Pearl was involved in Banff Indian Days throughout her life and was often asked to be a judge for the parade.
Pearl’s relationship with the Stoney Nakoda stemmed from her childhood and the Brewster relationship with several Stoney Nakoda families and individuals, most notably William Twin who accompanied her brothers Bill and Jim on their first guiding excursion. This longstanding relationship resulted in both her and Philip Moore being adopted by the Stoney Nakoda as Princess and Chief in 1948. In a letter to her mother, Catharine Whyte discussed the quiet ceremony, saying “I asked [Pearl] about being taken into the Stoneys but she couldn’t tell us much. They sing a song and say a prayer and sing God Save the King and she and Runt [Philip Moore] each got some present of clothing I think. She is now a princess… and Runt is a chief.”
Banff Winter Carnival & Volunteer Work
While Banff Indian Days was the major event of the summer, the winter played host to Banff Winter Carnival beginning in 1917. The Winter Carnival consisted of events such as skating, swimming at the hot springs, snowshoeing, curling, hockey, downhill ski and ski jumping events at Mount Norquay, tobogganing, barbecues, and the crowning of a Carnival Queen.

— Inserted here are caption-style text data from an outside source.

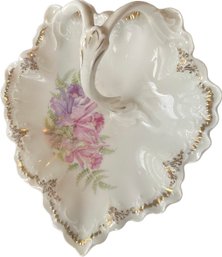 Vintage Weimar Germany Leaf Shape Pink Floral Gilded Handled Porcelain Candy Dish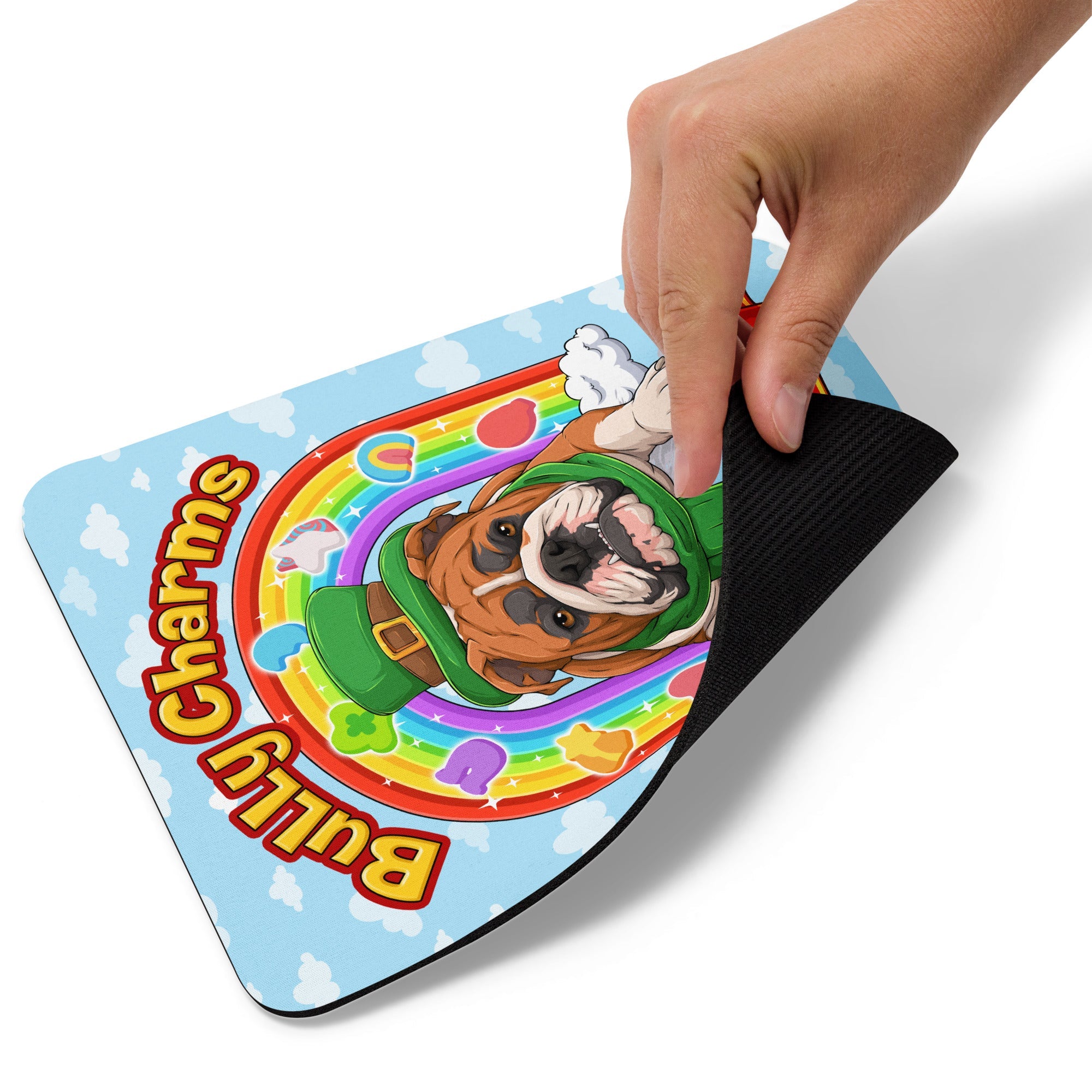 "Bully Charms" Bulldog Mouse Pad | Red & White Colored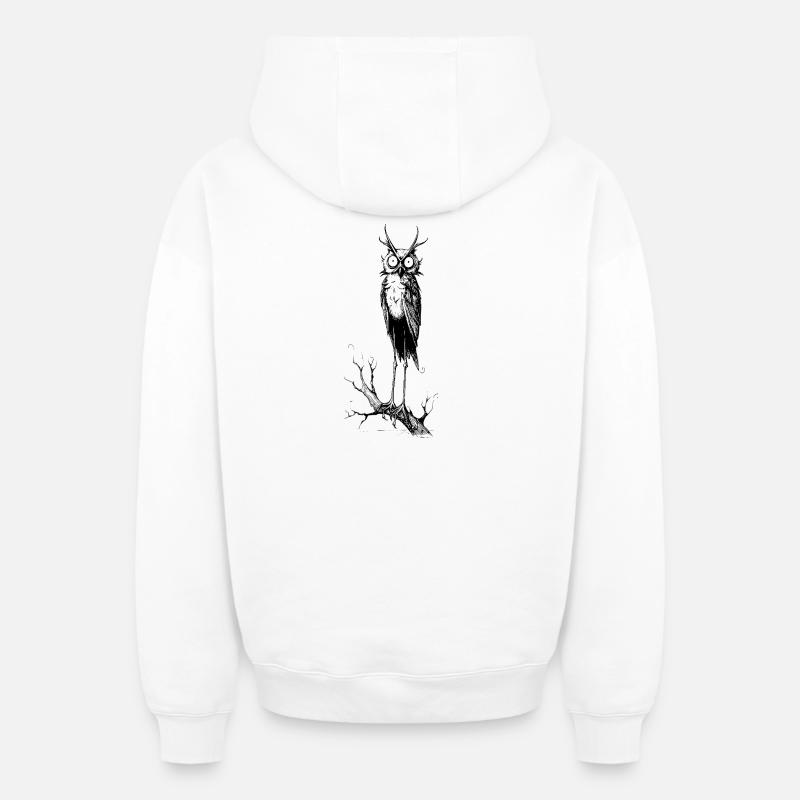 Gothic-Eule - Oversized Heavyweight Unisex Zip Hoodie - Weiß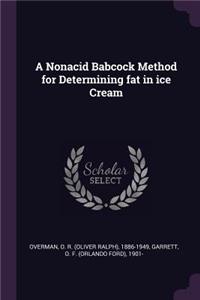 Nonacid Babcock Method for Determining fat in ice Cream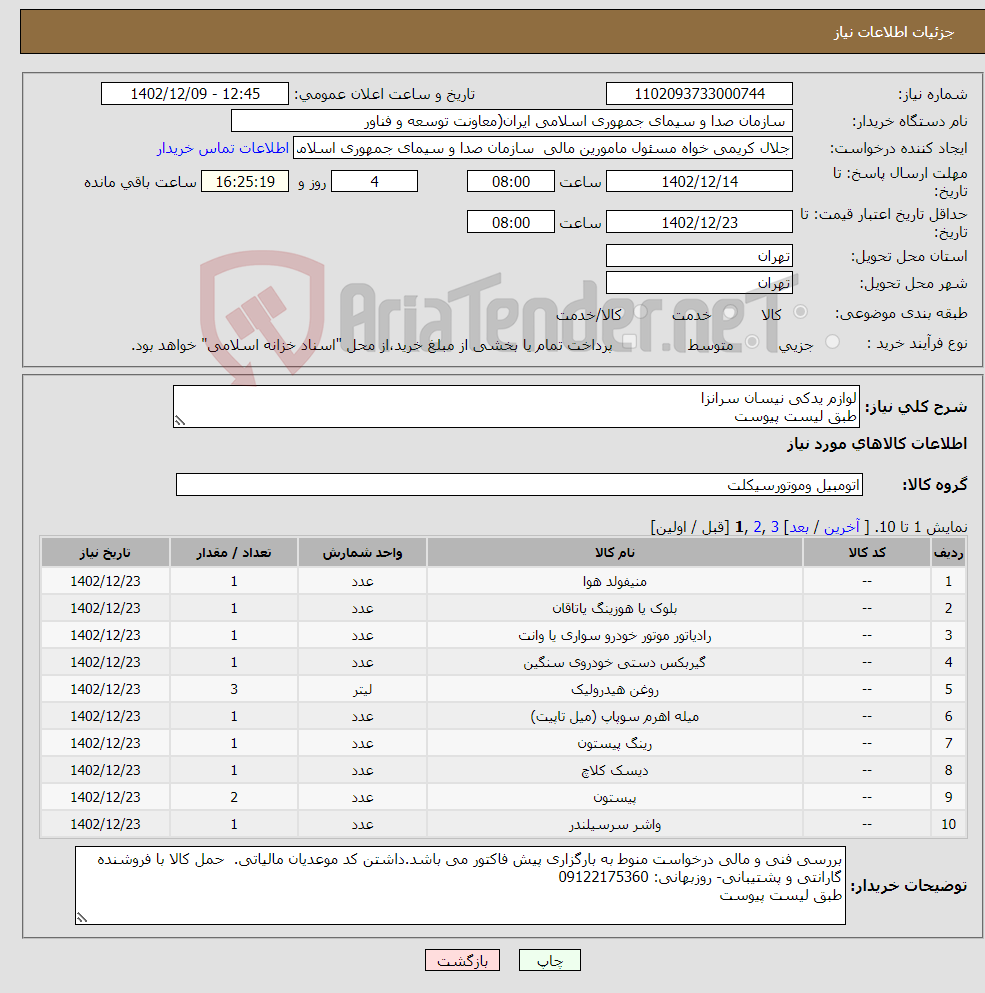 تصویر کوچک آگهی نیاز انتخاب تامین کننده-لوازم یدکی نیسان سرانزا طبق لیست پیوست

Pearl was crowned Carnival Queen in 1920, and her hockey team, the Calgary Regents, often played at the Carnival. She was also a part of the organizing committee, most notably during the Second World War.
During the Second World War, the proceeds of the 1941 Winter Carnival were dedicated to the war effort. The major organizing group for the Banff war effort was the Banff-Jasper Spitfire fund, of which Pearl was Chair. The fundraisers organized by this group included a mile of pennies, the auctioning of paintings by well known artists such as Carl Rungius, Nicholas de Grandmaison, as well as local Peter Whyte. The Banff-Jasper Spitfire Fund Committee also auctioned a 1941 Ford Sedan.
The Characters of Banff
As a prominent family in Banff the Moores had a wide social circle filled with both locals, and visitors who came to climb, ride, paint, and write.
Having grown up in Banff, Pearl was well acquainted with the White family and Peter Whyte. When the Moores were in Boston in 1926 Peter Whyte, then at the School of the Museum of Fine Arts, was a frequent visitor at the Moore residence. In 1930, while managing the Canadian Pacific Railway camp at Yoho National Park, Pearl met Catharine Whyte for the first time and they stayed friends throughout their lives.
Through the Trail Riders of the Canadian Rockies, Pearl, Philip, and Edmée met other distinguished residents and visitors to Banff such as George Vaux X, John Murray Gibbon (founding member of the group), and Carl Rungius (President in 1929). The Moores were also friends with Mary J. Vaux, Mary Vaux Walcott, Mary Schäffer Warren, and Georgia Engelhard who was a frequent participant on trail rides and a friend of Edmée’s.